:: Given entries ::

• • • • •

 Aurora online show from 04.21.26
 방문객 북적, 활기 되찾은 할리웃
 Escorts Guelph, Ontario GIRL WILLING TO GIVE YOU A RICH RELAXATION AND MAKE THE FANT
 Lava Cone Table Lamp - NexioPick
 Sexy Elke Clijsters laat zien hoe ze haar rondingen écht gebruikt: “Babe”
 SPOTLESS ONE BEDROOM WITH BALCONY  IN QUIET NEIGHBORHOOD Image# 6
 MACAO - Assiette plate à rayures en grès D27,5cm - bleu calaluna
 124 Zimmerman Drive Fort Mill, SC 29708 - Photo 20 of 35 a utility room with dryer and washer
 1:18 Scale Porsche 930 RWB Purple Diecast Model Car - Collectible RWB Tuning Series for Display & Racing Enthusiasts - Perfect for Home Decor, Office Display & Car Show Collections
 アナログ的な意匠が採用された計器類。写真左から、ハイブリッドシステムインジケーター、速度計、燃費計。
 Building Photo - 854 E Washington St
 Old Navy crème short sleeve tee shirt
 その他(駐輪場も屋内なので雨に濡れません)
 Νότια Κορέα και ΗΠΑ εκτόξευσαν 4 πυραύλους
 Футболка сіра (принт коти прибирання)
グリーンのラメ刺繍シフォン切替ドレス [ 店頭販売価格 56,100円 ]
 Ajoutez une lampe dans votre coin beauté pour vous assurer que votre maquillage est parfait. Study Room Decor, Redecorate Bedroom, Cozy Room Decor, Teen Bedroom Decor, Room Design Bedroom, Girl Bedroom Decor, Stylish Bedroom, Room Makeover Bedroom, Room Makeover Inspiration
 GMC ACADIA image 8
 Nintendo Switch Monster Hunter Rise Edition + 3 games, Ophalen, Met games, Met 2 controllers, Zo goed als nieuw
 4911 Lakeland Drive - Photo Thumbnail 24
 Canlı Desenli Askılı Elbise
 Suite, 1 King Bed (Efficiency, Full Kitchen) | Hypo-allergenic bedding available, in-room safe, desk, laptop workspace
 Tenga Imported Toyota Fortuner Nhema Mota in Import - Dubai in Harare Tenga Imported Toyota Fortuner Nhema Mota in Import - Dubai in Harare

• • • • •

:: What to do ::
Wherever the string "Decor" is found in the entries, copy the line it sits in.

:: Answer section ::
 1:18 Scale Porsche 930 RWB Purple Diecast Model Car - Collectible RWB Tuning Series for Display & Racing Enthusiasts - Perfect for Home Decor, Office Display & Car Show Collections
 Ajoutez une lampe dans votre coin beauté pour vous assurer que votre maquillage est parfait. Study Room Decor, Redecorate Bedroom, Cozy Room Decor, Teen Bedroom Decor, Room Design Bedroom, Girl Bedroom Decor, Stylish Bedroom, Room Makeover Bedroom, Room Makeover Inspiration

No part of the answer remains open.